- _Aim of the task_:
Copy the data below exactly.

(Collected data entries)
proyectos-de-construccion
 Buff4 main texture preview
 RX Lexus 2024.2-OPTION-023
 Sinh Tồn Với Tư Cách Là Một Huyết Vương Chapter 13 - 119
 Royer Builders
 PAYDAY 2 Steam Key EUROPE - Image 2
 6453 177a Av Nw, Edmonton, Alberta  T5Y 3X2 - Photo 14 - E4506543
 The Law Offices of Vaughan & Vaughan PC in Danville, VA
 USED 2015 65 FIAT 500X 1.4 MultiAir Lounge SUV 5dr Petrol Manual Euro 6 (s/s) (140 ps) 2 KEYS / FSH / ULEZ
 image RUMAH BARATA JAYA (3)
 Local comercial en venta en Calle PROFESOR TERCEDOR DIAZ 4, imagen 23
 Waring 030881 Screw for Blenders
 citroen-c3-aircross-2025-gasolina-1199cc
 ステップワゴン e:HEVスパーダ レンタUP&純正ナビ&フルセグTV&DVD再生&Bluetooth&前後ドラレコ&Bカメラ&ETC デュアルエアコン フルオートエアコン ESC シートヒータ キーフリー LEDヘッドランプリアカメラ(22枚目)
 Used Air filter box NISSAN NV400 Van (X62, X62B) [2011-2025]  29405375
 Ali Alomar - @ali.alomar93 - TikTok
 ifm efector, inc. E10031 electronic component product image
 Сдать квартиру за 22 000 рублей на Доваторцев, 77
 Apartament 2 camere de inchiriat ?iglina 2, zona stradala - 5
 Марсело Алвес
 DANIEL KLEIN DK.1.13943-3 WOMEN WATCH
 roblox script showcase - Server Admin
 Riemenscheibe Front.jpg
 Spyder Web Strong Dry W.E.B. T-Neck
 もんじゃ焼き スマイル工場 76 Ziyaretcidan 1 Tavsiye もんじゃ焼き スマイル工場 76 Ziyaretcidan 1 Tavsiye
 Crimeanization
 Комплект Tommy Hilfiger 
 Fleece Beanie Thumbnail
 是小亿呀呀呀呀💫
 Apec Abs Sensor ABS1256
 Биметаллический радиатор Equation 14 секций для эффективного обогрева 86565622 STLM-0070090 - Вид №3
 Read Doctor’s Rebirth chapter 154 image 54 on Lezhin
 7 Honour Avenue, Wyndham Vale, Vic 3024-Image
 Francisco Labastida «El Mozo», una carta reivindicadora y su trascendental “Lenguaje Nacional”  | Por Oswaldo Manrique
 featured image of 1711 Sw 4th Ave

- _Reply_:
proyectos-de-construccion
 Buff4 main texture preview
 RX Lexus 2024.2-OPTION-023
 Sinh Tồn Với Tư Cách Là Một Huyết Vương Chapter 13 - 119
 Royer Builders
 PAYDAY 2 Steam Key EUROPE - Image 2
 6453 177a Av Nw, Edmonton, Alberta  T5Y 3X2 - Photo 14 - E4506543
 The Law Offices of Vaughan & Vaughan PC in Danville, VA
 USED 2015 65 FIAT 500X 1.4 MultiAir Lounge SUV 5dr Petrol Manual Euro 6 (s/s) (140 ps) 2 KEYS / FSH / ULEZ
 image RUMAH BARATA JAYA (3)
 Local comercial en venta en Calle PROFESOR TERCEDOR DIAZ 4, imagen 23
 Waring 030881 Screw for Blenders
 citroen-c3-aircross-2025-gasolina-1199cc
 ステップワゴン e:HEVスパーダ レンタUP&純正ナビ&フルセグTV&DVD再生&Bluetooth&前後ドラレコ&Bカメラ&ETC デュアルエアコン フルオートエアコン ESC シートヒータ キーフリー LEDヘッドランプリアカメラ(22枚目)
 Used Air filter box NISSAN NV400 Van (X62, X62B) [2011-2025]  29405375
 Ali Alomar - @ali.alomar93 - TikTok
 ifm efector, inc. E10031 electronic component product image
 Сдать квартиру за 22 000 рублей на Доваторцев, 77
 Apartament 2 camere de inchiriat ?iglina 2, zona stradala - 5
 Марсело Алвес
 DANIEL KLEIN DK.1.13943-3 WOMEN WATCH
 roblox script showcase - Server Admin
 Riemenscheibe Front.jpg
 Spyder Web Strong Dry W.E.B. T-Neck
 もんじゃ焼き スマイル工場 76 Ziyaretcidan 1 Tavsiye もんじゃ焼き スマイル工場 76 Ziyaretcidan 1 Tavsiye
 Crimeanization
 Комплект Tommy Hilfiger 
 Fleece Beanie Thumbnail
 是小亿呀呀呀呀💫
 Apec Abs Sensor ABS1256
 Биметаллический радиатор Equation 14 секций для эффективного обогрева 86565622 STLM-0070090 - Вид №3
 Read Doctor’s Rebirth chapter 154 image 54 on Lezhin
 7 Honour Avenue, Wyndham Vale, Vic 3024-Image
 Francisco Labastida «El Mozo», una carta reivindicadora y su trascendental “Lenguaje Nacional”  | Por Oswaldo Manrique
 featured image of 1711 Sw 4th Ave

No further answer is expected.